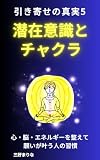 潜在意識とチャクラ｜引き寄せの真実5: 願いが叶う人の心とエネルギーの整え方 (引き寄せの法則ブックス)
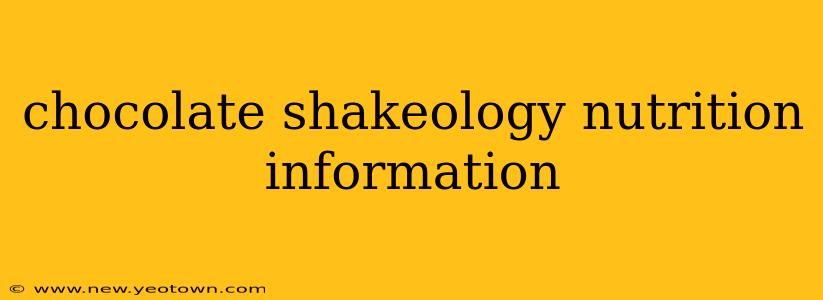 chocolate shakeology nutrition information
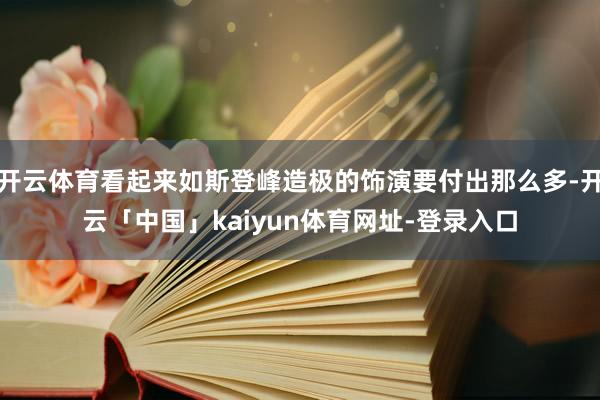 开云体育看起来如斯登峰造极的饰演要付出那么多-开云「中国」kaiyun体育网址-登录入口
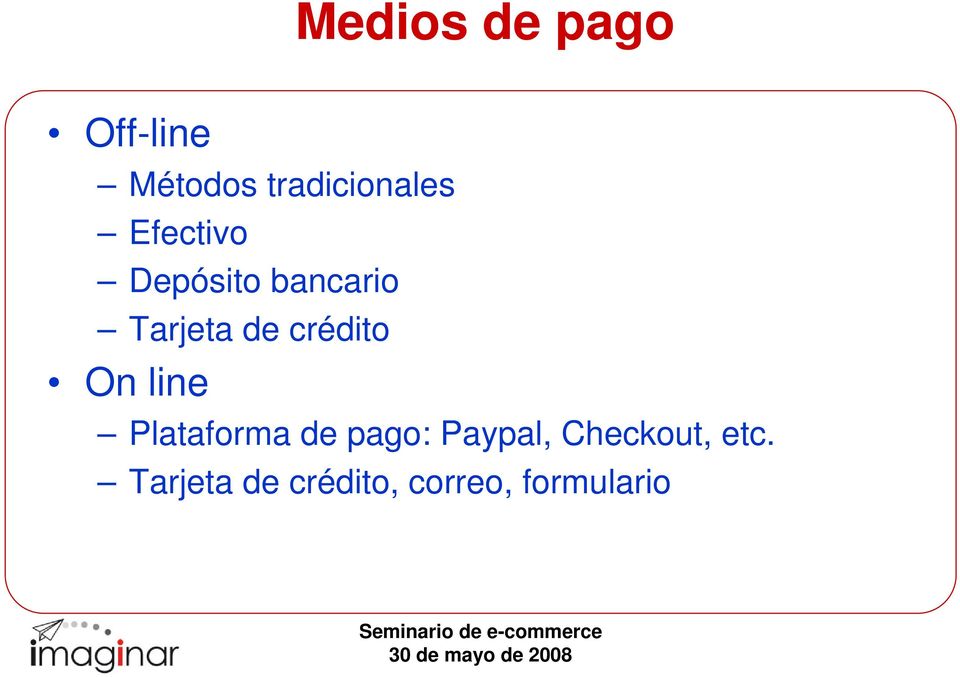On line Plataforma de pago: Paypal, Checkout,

...

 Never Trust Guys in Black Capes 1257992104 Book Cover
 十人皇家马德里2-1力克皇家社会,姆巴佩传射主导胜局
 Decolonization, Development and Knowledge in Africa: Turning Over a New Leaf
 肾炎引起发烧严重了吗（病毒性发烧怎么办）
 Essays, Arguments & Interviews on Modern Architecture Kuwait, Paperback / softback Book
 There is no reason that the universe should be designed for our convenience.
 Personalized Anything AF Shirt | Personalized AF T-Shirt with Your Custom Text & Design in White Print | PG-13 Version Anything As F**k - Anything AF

WHAT YOU NEED TO DO
Copy each line of the listing that carries the word "Book".

RESPONSE TO THE TASK
 Never Trust Guys in Black Capes 1257992104 Book Cover
 Essays, Arguments & Interviews on Modern Architecture Kuwait, Paperback / softback Book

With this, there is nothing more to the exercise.